[Data for review]
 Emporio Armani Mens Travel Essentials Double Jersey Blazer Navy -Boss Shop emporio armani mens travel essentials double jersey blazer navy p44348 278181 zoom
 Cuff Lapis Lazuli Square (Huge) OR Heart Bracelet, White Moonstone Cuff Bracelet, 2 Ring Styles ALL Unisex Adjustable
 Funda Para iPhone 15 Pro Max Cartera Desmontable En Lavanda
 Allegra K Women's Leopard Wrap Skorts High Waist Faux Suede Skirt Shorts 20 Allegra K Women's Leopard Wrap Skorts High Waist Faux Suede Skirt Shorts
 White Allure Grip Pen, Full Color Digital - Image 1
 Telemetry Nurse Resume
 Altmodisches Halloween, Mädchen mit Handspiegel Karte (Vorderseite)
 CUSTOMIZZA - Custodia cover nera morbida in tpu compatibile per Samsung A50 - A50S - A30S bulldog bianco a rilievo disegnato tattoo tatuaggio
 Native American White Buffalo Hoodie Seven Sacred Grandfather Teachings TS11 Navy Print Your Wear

==

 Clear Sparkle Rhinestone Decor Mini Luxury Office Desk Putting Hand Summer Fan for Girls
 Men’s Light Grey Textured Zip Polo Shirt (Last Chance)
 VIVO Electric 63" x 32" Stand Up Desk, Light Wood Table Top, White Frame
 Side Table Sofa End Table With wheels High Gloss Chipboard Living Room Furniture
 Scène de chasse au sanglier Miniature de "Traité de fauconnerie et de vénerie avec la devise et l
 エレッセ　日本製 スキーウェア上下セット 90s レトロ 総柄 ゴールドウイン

---

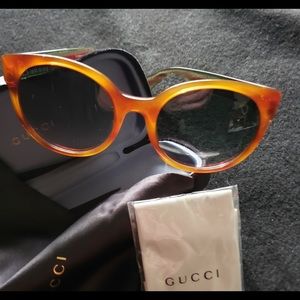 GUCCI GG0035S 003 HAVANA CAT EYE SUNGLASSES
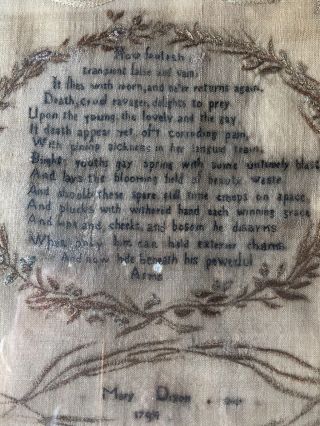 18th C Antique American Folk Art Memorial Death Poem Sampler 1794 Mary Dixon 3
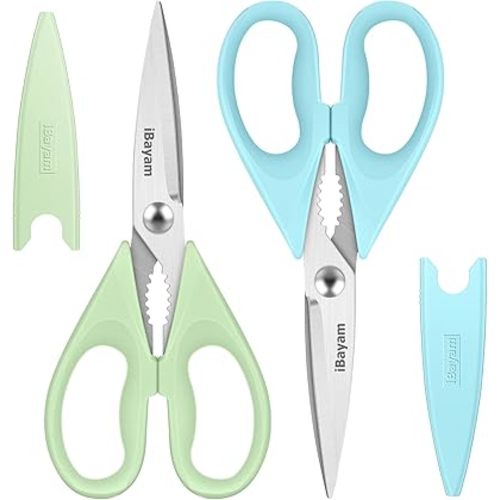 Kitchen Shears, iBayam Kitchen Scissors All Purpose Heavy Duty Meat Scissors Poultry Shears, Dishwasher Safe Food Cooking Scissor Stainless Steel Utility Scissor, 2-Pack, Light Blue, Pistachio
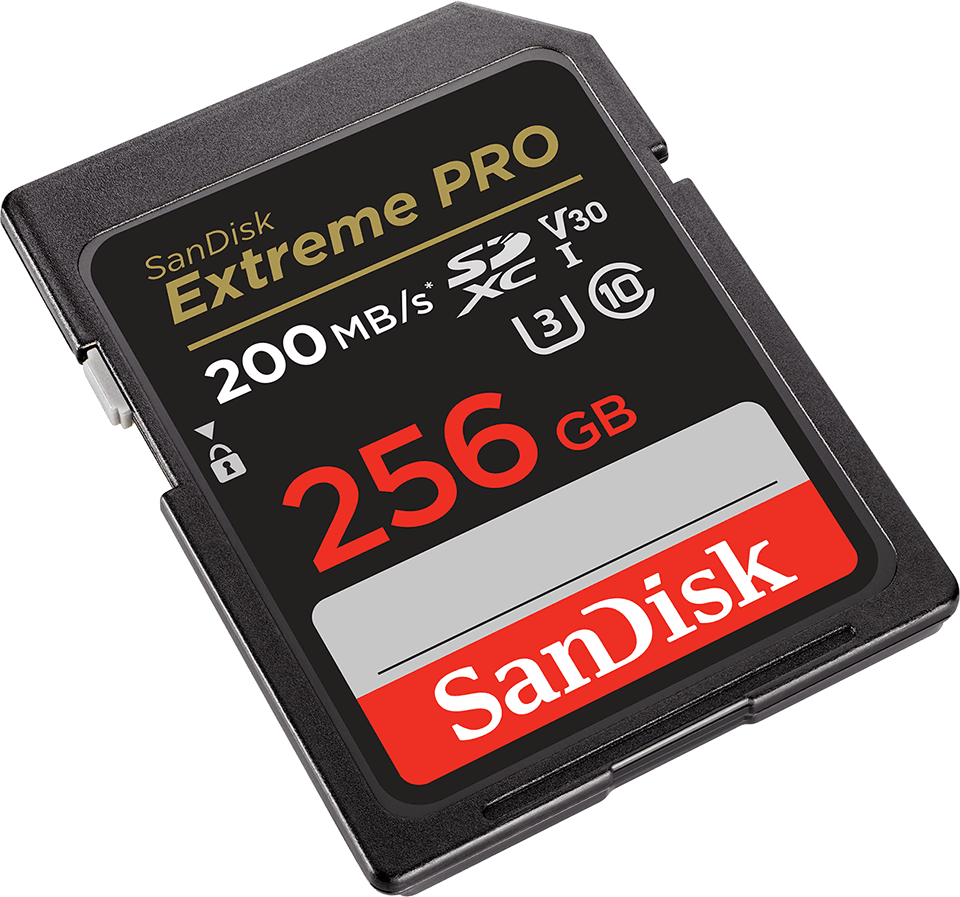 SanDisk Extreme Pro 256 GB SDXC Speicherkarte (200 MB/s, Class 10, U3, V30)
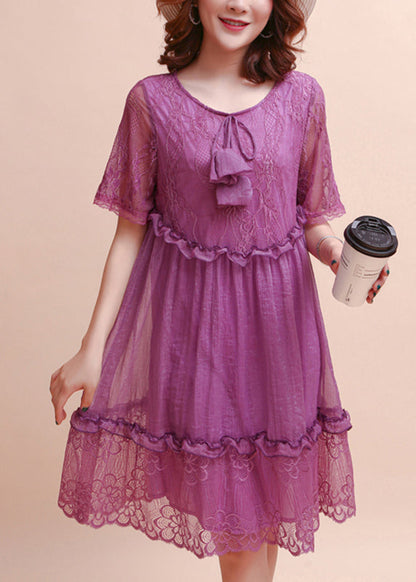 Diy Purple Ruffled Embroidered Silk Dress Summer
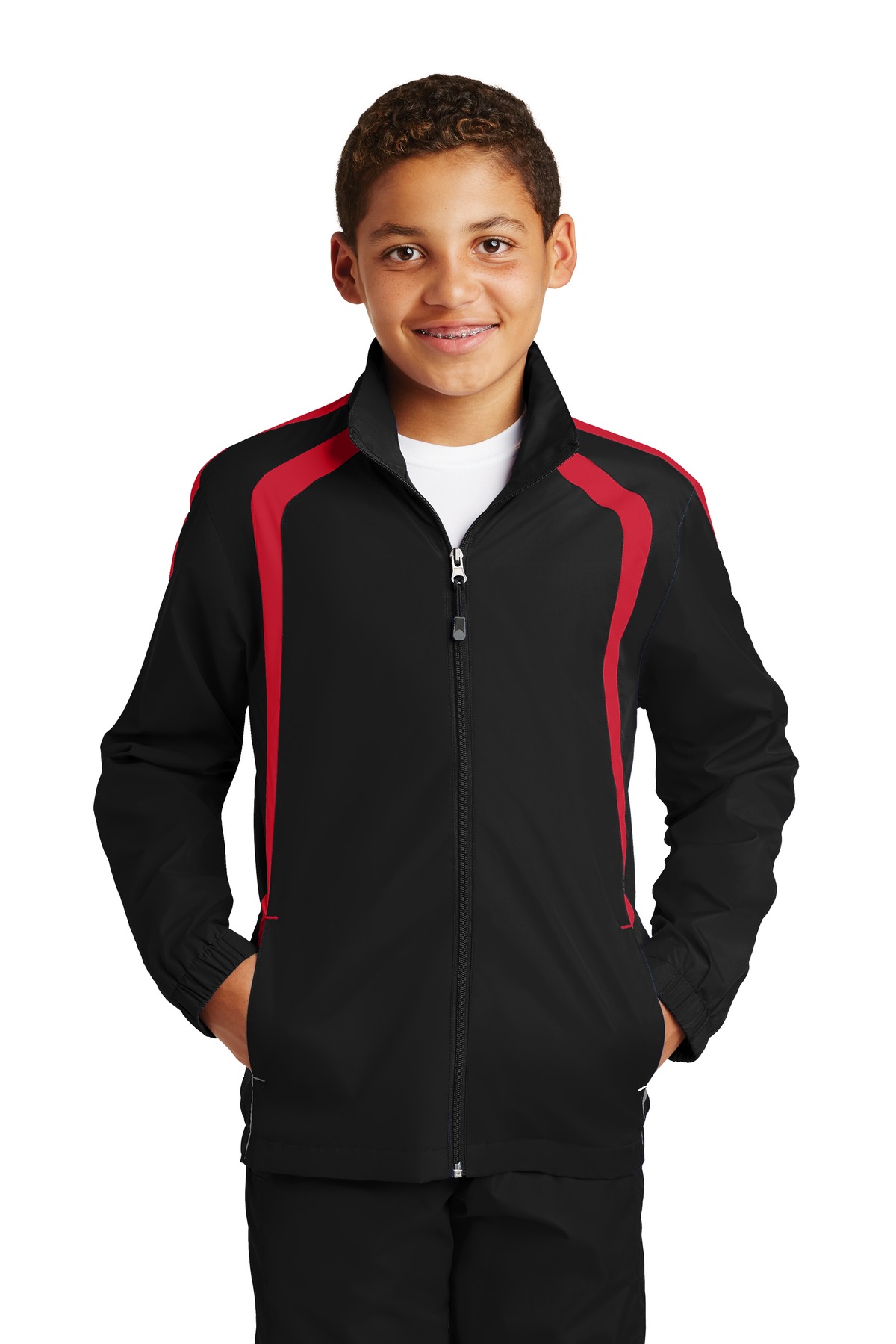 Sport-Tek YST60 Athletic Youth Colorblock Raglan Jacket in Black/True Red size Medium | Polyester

[What you should do] Using the material above, transcribe exactly the lines from the line with "p44348 278181 zoom" to the line with "Funda Para iPhone"; both count, and nothing else goes in.

[Solution]
 Emporio Armani Mens Travel Essentials Double Jersey Blazer Navy -Boss Shop emporio armani mens travel essentials double jersey blazer navy p44348 278181 zoom
 Cuff Lapis Lazuli Square (Huge) OR Heart Bracelet, White Moonstone Cuff Bracelet, 2 Ring Styles ALL Unisex Adjustable
 Funda Para iPhone 15 Pro Max Cartera Desmontable En Lavanda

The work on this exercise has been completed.